— Task item —
Find the word "Used" in the data below and copy each line that holds it.

— Material supplied —

- - -

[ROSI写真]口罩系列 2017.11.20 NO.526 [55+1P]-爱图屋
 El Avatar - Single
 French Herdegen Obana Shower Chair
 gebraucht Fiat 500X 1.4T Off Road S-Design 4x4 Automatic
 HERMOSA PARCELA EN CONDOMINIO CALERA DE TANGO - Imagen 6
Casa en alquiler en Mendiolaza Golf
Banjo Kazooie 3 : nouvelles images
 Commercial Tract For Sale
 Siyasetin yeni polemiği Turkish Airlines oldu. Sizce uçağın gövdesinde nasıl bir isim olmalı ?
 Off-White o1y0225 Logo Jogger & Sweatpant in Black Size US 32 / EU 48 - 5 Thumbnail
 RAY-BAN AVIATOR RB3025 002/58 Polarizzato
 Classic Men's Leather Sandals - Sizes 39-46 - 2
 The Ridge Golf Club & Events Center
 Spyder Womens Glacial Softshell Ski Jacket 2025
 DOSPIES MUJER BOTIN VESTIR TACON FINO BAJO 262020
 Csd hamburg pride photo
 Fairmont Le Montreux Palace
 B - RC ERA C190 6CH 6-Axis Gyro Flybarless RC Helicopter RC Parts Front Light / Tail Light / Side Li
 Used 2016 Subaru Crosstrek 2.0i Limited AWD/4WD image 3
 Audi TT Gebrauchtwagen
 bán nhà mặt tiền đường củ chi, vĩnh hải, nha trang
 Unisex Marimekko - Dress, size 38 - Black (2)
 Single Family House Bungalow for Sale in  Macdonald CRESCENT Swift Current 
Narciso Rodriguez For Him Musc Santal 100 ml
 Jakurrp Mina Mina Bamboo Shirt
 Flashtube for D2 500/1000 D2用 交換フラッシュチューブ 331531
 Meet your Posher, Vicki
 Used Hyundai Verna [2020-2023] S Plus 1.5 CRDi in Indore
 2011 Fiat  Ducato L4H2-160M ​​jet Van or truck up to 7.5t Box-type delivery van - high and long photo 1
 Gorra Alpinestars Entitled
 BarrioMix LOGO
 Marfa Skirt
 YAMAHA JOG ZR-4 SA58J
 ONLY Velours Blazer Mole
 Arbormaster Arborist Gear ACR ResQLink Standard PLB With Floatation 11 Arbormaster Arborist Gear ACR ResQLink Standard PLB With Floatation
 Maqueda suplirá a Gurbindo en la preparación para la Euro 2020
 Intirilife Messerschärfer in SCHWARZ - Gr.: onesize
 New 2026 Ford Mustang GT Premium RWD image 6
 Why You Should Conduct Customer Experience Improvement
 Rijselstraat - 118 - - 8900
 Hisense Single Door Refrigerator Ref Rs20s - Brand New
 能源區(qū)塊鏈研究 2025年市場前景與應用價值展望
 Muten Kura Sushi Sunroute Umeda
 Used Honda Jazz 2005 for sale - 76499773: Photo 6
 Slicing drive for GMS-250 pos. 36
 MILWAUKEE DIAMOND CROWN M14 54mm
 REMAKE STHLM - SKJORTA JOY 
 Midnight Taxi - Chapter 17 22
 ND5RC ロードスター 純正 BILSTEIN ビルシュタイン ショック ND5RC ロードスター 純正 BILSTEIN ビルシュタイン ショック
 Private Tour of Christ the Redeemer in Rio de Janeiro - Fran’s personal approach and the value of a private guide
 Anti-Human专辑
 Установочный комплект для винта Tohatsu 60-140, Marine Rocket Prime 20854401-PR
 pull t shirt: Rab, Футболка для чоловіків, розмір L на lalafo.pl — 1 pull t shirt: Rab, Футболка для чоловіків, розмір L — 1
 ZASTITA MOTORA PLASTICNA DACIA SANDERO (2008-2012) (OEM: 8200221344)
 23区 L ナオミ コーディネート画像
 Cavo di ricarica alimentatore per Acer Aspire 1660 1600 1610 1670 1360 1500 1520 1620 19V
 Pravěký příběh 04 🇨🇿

- - -

— Exercise answer —
 Used 2016 Subaru Crosstrek 2.0i Limited AWD/4WD image 3
 Used Hyundai Verna [2020-2023] S Plus 1.5 CRDi in Indore
 Used Honda Jazz 2005 for sale - 76499773: Photo 6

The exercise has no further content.